Historical population
| Census | Pop. | Note | %± |
| 1940 | 55 |  | — |
| 1950 | 48 |  | −12.7% |
| 1960 | 63 |  | 31.3% |
| 1970 | 88 |  | 39.7% |
| 1980 | 87 |  | −1.1% |
| 1990 | 160 |  | 83.9% |
| 2000 | 160 |  | 0.0% |
| 2010 | 190 |  | 18.8% |
| 2020 | 168 |  | −11.6% |
U.S. Decennial Census

===2020 census===

As of the 2020 census, Newhalen had a population of 168. The median age was 28.7 years. 35.1% of residents were under the age of 18 and 9.5% of residents were 65 years of age or older. For every 100 females there were 93.1 males, and for every 100 females age 18 and over there were 87.9 males age 18 and over.

0.0% of residents lived in urban areas, while 100.0% lived in rural areas.

There were 51 households in Newhalen, of which 54.9% had children under the age of 18 living in them. Of all households, 43.1% were married-couple households, 15.7% were households with a male householder and no spouse or partner present, and 29.4% were households with a female householder and no spouse or partner present. About 13.7% of all households were made up of individuals and 0.0% had someone living alone who was 65 years of age or older.

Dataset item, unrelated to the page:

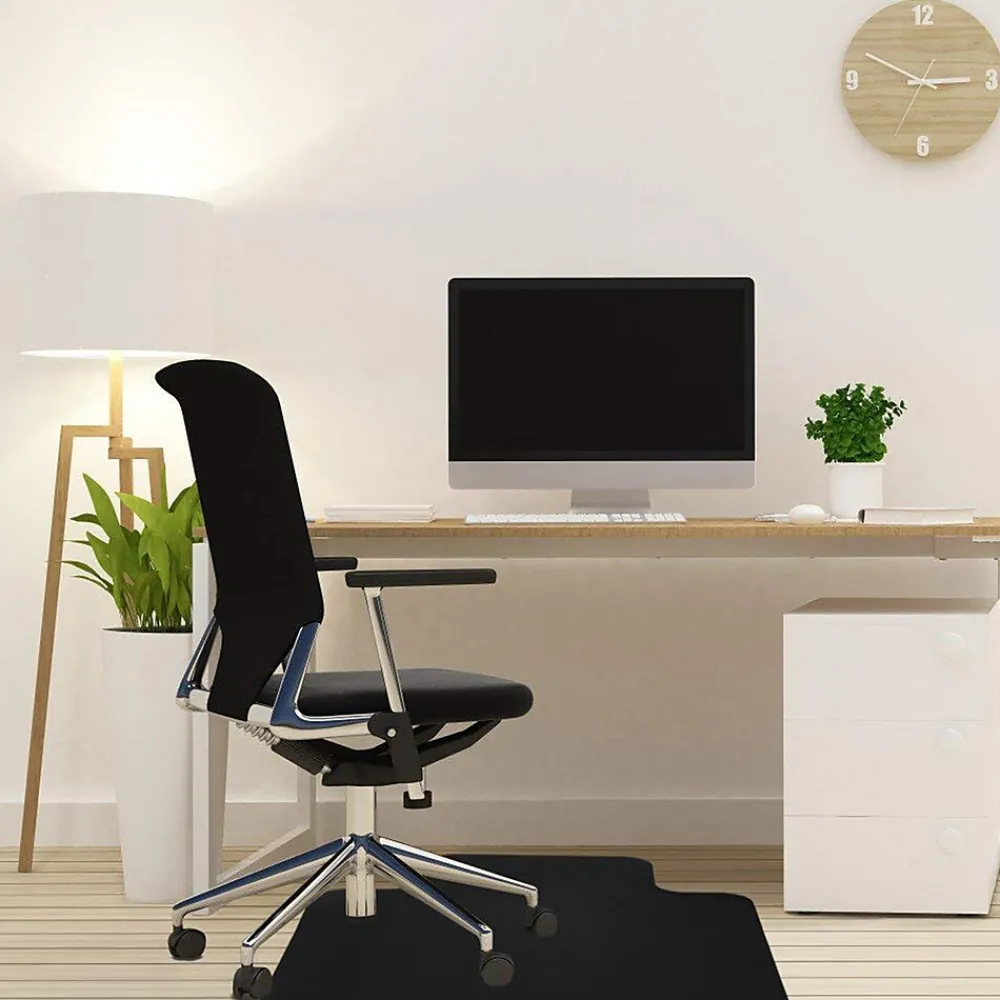 Chair Mats*Mind Reader Hard Floor Chair Mat with Lip, 36" x 48'', Black (OFFCMAT-BLK)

There were 65 housing units, of which 21.5% were vacant. The homeowner vacancy rate was 2.1% and the rental vacancy rate was 40.0%.

Racial composition as of the 2020 census
| Race | Number | Percent |
|---|---|---|
| White | 17 | 10.1% |
| Black or African American | 0 | 0.0% |
| American Indian and Alaska Native | 128 | 76.2% |
| Asian | 0 | 0.0% |
| Native Hawaiian and Other Pacific Islander | 0 | 0.0% |
| Some other race | 0 | 0.0% |
| Two or more races | 23 | 13.7% |
| Hispanic or Latino (of any race) | 2 | 1.2% |

===2000 census===

As of the census of 2000, there were 160 people, 39 households, and 37 families residing in the city. The population density was 26.4 PD/sqmi. There were 51 housing units at an average density of 8.4 /mi2. The racial makeup of the city was 8.75% White, 85.00% Native American, and 6.25% from two or more races.

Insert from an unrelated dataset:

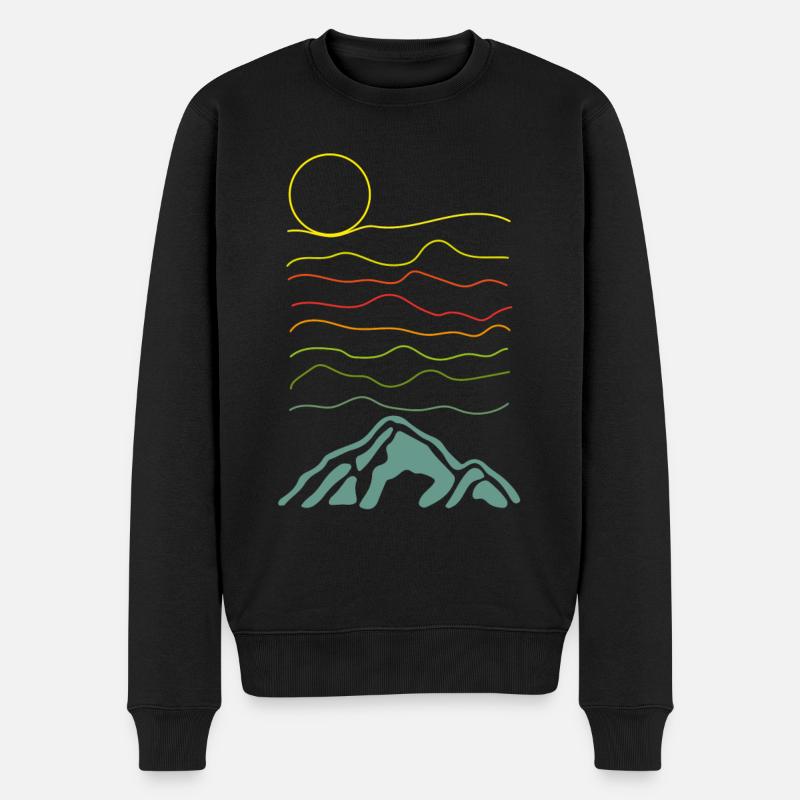 Landscape Illustration - Männer Premium Bio Pullover - Schwarz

There were 39 households, out of which 59.0% had children under the age of 18 living with them, 56.4% were married couples living together, 12.8% had a female householder with no husband present, and 5.1% were non-families. 5.1% of all households were made up of individuals, and 0.0% consisted of a sole occupant 65 years of age or older. The average household size was 4.10 and the average family size was 4.22.

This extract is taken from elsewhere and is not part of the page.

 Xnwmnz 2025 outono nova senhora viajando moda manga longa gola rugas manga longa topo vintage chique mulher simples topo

In the city, the age distribution of the population shows 45.0% under the age of 18, 9.4% from 18 to 24, 20.6% from 25 to 44, 20.0% from 45 to 64, and 5.0% who were 65 years of age or older. The median age was 20 years. For every 100 females, there were 100.0 males. For every 100 females age 18 and over, there were 120.0 males.

The median income for a household in the city was $36,250, and the median income for a family was $35,000. Males had a median income of $38,333 versus $23,750 for females. The per capita income for the city was $9,448. About 26.7% of families and 16.3% of the population were below the poverty line, including 17.9% of those under the age of eighteen and none of those 65 or over.

==History==
Newhalen was originally a Yup'ik village called Noghelin, after the Newhalen River. "Newhalen" is an Anglicized version of the original name. The village was established in the late 1800s because of the bountiful fish and game in the area.

The population of Newhalen now includes Alutiiqs and Athabascans as well as Yupik. Most pursue subsistence hunting and fishing.